* **RECORDS SHOWN**
BEGIN
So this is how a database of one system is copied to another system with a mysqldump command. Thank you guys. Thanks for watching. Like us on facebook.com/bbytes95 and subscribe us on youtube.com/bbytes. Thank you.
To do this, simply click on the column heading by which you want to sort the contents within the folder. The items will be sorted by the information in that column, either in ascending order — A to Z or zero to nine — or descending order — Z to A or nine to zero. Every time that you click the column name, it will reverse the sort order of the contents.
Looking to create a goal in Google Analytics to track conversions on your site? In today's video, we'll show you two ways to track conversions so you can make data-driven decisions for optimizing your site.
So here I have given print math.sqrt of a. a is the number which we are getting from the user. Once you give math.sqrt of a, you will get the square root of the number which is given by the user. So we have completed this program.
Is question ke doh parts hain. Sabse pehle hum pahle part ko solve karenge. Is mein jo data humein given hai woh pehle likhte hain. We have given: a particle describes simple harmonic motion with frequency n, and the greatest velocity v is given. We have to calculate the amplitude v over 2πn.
END
BEGIN
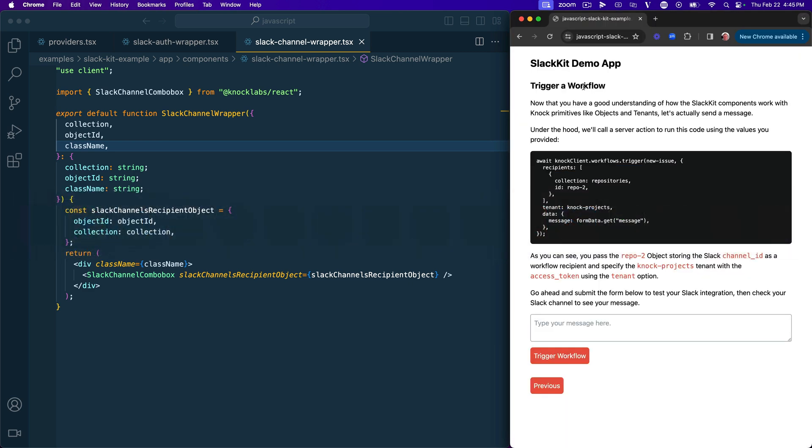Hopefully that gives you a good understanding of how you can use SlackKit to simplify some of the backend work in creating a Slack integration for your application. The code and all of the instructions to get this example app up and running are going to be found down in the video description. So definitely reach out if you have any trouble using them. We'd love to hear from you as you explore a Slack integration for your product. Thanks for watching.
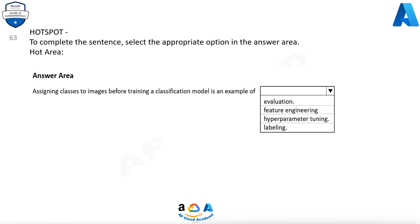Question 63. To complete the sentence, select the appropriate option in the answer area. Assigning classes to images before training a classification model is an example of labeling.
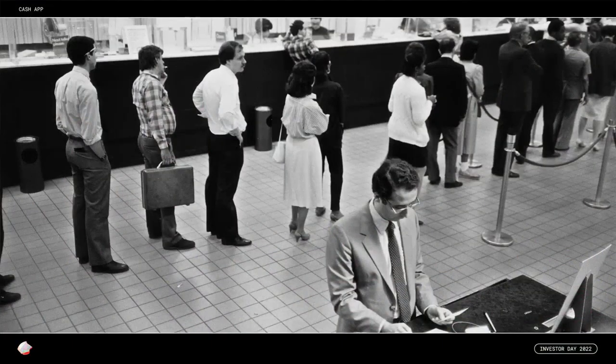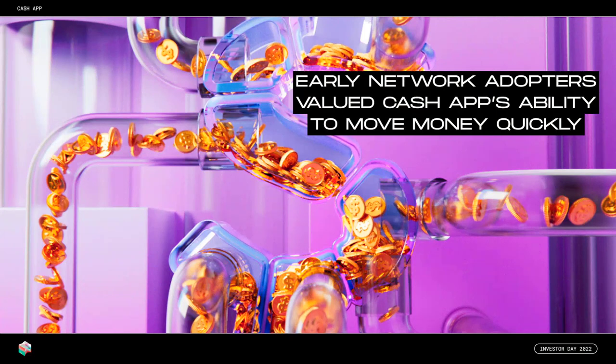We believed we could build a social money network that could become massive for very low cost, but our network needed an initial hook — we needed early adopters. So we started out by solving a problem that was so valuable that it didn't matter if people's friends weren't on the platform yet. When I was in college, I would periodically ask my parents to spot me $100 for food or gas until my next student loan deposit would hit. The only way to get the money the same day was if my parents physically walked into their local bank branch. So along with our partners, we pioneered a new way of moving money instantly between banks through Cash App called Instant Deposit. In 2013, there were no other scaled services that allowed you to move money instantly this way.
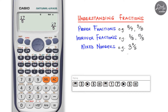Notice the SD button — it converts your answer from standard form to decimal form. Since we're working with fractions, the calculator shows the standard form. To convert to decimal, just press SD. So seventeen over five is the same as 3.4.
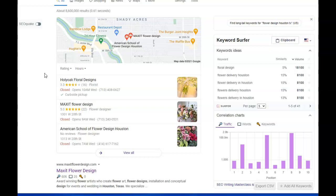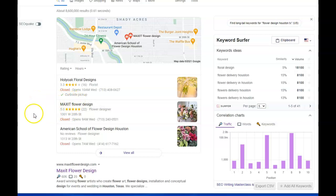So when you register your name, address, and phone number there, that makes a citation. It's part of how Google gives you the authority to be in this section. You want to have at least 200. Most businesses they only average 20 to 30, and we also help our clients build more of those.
END
BEGIN
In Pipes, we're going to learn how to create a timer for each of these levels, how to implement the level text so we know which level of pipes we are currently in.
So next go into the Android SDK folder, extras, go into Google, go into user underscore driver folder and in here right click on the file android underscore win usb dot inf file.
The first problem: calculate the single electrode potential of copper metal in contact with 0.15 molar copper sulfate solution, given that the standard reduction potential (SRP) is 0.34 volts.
END
* **DIRECTIONS FOR THIS TASK**
Nothing except the lines from the one containing "Notice the SD" through the one containing "So when you" should appear in the answer, exactly as above and without pictures.

* **REPLY**
Notice the SD button — it converts your answer from standard form to decimal form. Since we're working with fractions, the calculator shows the standard form. To convert to decimal, just press SD. So seventeen over five is the same as 3.4.
So when you register your name, address, and phone number there, that makes a citation. It's part of how Google gives you the authority to be in this section. You want to have at least 200. Most businesses they only average 20 to 30, and we also help our clients build more of those.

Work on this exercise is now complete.